The Hungarian Government lodged an extradition request with Australia on March 30, 2005, but the case has been mired in highly technical legal arguments, first in the Federal Court and finally in the High Court, which has returned the case to the West Australian courts to determine whether Zentai is eligible for extradition.

Zentai is 86 and has successfully postponed his case for three years by challenging our legal framework. The wheels of justice grind exceedingly slowly. Even if a judicial decision is made expeditiously to extradite him, there are several avenues of appeal that could take years. So it seems likely that Zentai will either die in the meantime or, if he is alive when a judicial decision is made, he could appeal to the Home Affairs Minister (who will make the final decision), claiming old age, frailty and illness to avoid extradition.

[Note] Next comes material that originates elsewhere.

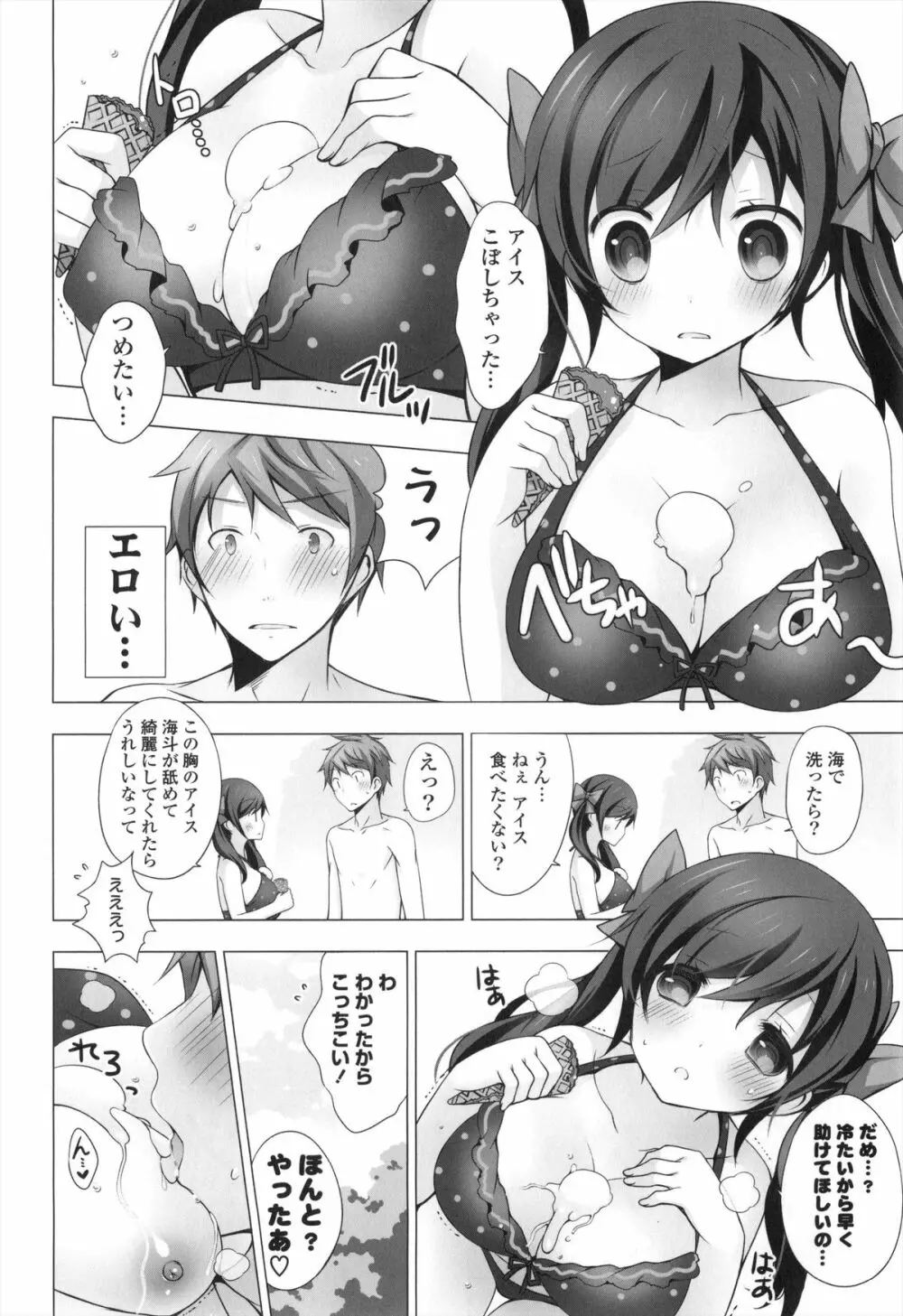 メルティングアイスクリーム Page.185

This unsatisfactory situation results from the indifference of successive Australian governments towards accused war criminals, beginning with Chifley in the 1940s and taking in the Menzies, Holt, Gorton, McMahon, Whitlam and Fraser years.

In 1986 Bob Hawke finally acted, launching investigations that confirmed hundreds of Nazis had made Australia home, which was widely known in the senior echelons of our immigration, police and intelligence services. Indeed, such knowledge went all the way up to the office of successive prime ministers, yet nothing was done to bring to justice the mass killers of Jews, Gypsies and Slavs, who had also frequently fought directly against Australia.

To our everlasting shame, Hawke's efforts were abandoned in 1991 by the Keating government. Then the Howard government dead-batted many other allegations, leaving Zentai as one the last cases involving a living suspect. Most others have evaded justice through the passage of time. As things stand, Australia is the last refuge for Nazi criminals as major efforts continue in many Western countries, including Canada, Italy, Germany and the US.

The Zentai case may be Australia's last chance to demonstrate that we, too, have used our laws to deliver some belated justice for the victims of the Holocaust. But this is only part of the story. The new Labor government has other tests ahead to cast off the shame of the Keating legacy.

It has been established that there are many monsters in Australia from recent conflicts, yet virtually nothing has been done to investigate or bring them to justice. The Rudd Government should devote adequate resources to investigate the many charges against Cambodians, Afghanis, Serbs, Croats, Chileans and Rwandans who, like Zentai, stand accused of crimes against humanity.

Labor's next test will be the case of Dragan Vasiljkovic, the Serb paramilitary leader whose role in the Balkans wars of the 1990s has prompted an extradition request by the Croatian Government.

As we remember our war heroes today, we should also demand that our Government pursue a more systematic and determined approach to accused mass killers whose presence in Australia demeans our national pride.